Army Reserve Chief Hopes to Instate Simulation Training

Army Reserve Chief Hopes to Instate Simulation Training

Talk has begun of increasing simulation training for the Army Reserves to keep the force “ready and relevant” despite withdrawals from conflict in the middle east. Lt. Gen. Jeffrey Talley, 32nd Chief of the Army Reserve, said on November 14th that he wants increased use of simulators for training the “Big Army’s” enabling complementary force of doctors, engineers, logistics and other specialists who serve 39 days training for reserve readiness and the rest of the year keeping their skills maintained at civilian jobs.

Much as pilot training relies on simulators, Talley says, the same technology can be used for Army Reserve members,. He hopes to use simulator training for a number of tasks, including:

  • Heavy vehicle operation
  • Responding to enemy attack.
  • Marksmanship, especially since not all home stations have easy access to firing ranges. 

The Army Reserve plays an important role in what defense planners call reversibility, which is the ability to quickly rebuild forces to respond to urgent events. Post-Iraq, the Army Reserve will be increasingly involved in more missions in Africa, Talley says, especially in “prevention” and “shaping” missions, which help deter conflict, build continuity with partner nations, and contribute to strategic access and regional stability.

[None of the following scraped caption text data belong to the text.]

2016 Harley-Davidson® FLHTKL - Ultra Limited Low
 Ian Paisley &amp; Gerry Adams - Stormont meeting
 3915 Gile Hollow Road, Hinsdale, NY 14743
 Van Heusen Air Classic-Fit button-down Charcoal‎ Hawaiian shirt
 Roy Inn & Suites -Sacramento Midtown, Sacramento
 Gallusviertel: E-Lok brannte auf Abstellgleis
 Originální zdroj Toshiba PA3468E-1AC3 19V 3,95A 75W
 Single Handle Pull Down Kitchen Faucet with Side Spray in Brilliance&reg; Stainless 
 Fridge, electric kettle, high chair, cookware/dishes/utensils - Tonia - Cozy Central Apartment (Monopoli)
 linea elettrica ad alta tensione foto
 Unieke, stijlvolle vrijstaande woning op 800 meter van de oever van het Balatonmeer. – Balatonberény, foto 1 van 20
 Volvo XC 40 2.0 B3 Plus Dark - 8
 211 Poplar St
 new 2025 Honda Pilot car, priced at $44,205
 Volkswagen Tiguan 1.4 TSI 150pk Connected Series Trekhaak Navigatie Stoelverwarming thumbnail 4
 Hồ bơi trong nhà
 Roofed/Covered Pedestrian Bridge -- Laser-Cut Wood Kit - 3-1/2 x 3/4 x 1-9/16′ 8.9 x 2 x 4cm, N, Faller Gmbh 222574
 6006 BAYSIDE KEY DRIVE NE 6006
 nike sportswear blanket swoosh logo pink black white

According to Talley, there are 25,000 Army reservists deployed at any given time, including 3,500 in the Pacific Command. Since the total force is 205,000, that deployment level is easy to sustain. The Army Reserve’s annual budget of $8 billion is 6% of the Army’s budget, but accounts for 20% of the total Army force. That efficiency is a big advantage for the Army and for the nation’s security.